▶ [Work instructions] Search the data below for the word "White" and copy each line that holds it.

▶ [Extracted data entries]

*** Begin section ***

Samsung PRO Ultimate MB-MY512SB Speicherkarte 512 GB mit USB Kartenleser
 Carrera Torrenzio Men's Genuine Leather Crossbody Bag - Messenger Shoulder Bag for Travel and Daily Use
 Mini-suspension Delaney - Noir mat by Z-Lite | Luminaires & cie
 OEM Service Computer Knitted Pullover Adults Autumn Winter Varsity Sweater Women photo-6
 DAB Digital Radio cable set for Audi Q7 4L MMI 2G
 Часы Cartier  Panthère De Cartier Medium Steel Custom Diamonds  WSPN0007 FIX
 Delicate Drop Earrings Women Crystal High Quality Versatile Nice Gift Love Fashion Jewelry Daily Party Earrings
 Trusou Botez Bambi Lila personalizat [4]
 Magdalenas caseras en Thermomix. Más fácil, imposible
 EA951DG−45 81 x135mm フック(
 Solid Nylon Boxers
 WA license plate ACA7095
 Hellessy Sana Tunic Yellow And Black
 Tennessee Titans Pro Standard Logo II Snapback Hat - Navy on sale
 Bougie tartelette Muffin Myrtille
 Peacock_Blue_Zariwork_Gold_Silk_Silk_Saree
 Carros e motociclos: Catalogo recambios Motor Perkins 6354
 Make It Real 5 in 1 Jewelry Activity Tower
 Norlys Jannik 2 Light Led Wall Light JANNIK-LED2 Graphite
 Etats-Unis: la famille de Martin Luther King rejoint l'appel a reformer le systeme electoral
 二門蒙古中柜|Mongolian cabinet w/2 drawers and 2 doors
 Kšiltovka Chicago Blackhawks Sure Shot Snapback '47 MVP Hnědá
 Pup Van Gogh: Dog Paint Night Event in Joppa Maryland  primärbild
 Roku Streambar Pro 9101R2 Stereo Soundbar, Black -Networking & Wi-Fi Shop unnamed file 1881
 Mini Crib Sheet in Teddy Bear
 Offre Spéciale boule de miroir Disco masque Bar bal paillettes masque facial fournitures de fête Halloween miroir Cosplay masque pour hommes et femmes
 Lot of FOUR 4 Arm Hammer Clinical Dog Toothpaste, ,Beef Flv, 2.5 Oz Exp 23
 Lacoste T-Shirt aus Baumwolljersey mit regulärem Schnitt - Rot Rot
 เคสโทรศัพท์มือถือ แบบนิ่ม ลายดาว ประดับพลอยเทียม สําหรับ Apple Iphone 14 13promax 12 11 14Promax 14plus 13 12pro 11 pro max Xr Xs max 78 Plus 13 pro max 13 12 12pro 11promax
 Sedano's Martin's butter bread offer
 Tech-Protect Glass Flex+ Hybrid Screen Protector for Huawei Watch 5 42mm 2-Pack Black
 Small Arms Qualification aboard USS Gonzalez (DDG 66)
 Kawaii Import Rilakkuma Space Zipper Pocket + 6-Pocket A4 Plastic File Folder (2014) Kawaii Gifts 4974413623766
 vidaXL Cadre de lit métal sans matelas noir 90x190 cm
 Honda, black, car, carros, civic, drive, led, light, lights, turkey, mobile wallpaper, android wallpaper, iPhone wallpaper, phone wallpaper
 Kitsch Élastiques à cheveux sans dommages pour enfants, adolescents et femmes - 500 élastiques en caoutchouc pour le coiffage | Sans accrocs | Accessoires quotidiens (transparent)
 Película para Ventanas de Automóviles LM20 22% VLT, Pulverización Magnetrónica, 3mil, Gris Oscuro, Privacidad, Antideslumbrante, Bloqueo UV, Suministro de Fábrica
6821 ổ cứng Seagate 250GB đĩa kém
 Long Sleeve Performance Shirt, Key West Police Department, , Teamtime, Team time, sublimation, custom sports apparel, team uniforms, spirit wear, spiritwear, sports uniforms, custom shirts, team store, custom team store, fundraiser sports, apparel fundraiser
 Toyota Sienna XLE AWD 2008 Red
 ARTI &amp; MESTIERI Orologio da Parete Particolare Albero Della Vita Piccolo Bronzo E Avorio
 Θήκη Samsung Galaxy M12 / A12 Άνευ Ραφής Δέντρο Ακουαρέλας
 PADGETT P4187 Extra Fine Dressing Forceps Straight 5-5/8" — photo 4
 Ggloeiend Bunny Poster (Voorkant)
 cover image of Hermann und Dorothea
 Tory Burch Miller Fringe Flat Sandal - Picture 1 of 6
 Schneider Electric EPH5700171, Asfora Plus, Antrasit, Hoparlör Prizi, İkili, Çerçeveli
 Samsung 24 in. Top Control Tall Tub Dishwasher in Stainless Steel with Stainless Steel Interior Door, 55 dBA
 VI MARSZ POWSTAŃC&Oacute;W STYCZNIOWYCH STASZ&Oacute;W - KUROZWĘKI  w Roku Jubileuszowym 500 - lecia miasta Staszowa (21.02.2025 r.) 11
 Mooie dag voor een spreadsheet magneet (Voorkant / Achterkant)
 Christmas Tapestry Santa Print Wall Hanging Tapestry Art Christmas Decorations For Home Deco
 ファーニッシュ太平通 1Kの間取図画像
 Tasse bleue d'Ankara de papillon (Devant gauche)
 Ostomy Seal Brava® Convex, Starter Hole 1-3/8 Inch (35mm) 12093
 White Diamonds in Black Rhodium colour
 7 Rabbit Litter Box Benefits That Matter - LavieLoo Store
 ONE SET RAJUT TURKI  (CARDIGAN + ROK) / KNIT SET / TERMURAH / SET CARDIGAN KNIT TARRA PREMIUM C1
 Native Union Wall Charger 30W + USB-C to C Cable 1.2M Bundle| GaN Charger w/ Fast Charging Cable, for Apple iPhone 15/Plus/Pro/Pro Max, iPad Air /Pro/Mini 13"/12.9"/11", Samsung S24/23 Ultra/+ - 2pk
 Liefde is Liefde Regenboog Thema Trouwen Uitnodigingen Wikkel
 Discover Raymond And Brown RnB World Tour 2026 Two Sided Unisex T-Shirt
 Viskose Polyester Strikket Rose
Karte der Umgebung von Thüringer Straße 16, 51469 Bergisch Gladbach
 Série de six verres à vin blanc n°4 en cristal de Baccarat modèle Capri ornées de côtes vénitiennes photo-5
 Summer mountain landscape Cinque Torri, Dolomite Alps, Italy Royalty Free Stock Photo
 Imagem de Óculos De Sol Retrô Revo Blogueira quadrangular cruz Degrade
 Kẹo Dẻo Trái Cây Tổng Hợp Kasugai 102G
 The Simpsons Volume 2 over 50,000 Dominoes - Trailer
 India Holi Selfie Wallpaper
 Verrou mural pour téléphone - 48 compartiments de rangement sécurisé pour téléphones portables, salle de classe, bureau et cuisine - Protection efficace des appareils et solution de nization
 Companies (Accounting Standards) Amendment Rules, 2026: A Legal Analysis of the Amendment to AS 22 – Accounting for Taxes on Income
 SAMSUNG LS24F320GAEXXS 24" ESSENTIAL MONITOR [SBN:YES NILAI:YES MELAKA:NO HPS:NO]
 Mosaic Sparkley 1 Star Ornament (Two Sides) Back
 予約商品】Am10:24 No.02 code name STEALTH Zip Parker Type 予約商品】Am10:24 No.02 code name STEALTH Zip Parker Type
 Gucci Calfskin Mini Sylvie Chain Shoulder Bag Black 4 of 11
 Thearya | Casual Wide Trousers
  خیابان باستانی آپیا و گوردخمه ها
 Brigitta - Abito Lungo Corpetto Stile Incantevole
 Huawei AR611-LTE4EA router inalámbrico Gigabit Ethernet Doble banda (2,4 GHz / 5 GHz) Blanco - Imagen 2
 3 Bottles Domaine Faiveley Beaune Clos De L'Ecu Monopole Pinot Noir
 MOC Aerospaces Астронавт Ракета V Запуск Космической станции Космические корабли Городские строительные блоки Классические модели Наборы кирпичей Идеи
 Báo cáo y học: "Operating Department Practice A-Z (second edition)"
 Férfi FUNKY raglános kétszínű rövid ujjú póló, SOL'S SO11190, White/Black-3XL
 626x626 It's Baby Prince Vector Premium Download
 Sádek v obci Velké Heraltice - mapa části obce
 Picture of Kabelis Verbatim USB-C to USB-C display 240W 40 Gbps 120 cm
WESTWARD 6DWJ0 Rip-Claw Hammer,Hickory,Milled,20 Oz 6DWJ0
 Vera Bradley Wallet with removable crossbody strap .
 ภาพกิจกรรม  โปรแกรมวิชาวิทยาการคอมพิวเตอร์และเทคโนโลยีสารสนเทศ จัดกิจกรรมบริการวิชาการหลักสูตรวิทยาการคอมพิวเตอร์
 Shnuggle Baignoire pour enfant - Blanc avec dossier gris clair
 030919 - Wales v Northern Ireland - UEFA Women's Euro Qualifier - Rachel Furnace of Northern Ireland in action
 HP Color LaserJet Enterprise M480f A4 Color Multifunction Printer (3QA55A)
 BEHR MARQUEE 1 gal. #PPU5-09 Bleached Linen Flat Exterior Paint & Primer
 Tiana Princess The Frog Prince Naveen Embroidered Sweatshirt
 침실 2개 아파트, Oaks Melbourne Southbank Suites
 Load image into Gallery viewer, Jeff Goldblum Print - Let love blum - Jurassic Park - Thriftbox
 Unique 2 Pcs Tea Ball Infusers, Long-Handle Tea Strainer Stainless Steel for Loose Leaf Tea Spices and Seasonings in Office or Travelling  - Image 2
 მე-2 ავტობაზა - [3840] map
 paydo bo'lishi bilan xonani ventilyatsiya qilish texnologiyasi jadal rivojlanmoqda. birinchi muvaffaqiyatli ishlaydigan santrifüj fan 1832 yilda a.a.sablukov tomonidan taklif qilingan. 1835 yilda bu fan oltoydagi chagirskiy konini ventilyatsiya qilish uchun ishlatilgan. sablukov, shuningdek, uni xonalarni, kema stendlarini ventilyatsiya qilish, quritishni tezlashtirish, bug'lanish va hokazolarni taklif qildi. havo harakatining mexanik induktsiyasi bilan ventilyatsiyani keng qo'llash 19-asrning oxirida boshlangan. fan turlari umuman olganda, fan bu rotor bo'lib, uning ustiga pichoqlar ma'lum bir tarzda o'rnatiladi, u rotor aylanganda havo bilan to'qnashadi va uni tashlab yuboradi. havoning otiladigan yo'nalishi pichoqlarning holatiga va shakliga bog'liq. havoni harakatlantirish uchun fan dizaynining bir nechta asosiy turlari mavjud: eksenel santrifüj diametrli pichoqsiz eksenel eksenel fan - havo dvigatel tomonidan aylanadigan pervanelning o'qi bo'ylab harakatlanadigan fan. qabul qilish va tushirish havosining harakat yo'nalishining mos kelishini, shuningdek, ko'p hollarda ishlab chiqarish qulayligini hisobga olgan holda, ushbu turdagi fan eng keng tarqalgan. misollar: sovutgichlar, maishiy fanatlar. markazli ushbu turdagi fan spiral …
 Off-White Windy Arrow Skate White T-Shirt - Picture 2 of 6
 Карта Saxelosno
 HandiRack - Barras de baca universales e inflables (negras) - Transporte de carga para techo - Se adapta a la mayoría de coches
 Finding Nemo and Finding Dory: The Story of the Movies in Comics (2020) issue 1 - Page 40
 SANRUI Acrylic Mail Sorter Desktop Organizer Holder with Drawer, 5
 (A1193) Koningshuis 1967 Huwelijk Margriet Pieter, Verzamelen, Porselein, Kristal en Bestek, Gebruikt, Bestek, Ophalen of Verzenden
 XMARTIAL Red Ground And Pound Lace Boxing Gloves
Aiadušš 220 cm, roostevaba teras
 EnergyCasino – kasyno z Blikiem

*** End section ***

▶ [Task solution]
 White Diamonds in Black Rhodium colour
 Férfi FUNKY raglános kétszínű rövid ujjú póló, SOL'S SO11190, White/Black-3XL
 Off-White Windy Arrow Skate White T-Shirt - Picture 2 of 6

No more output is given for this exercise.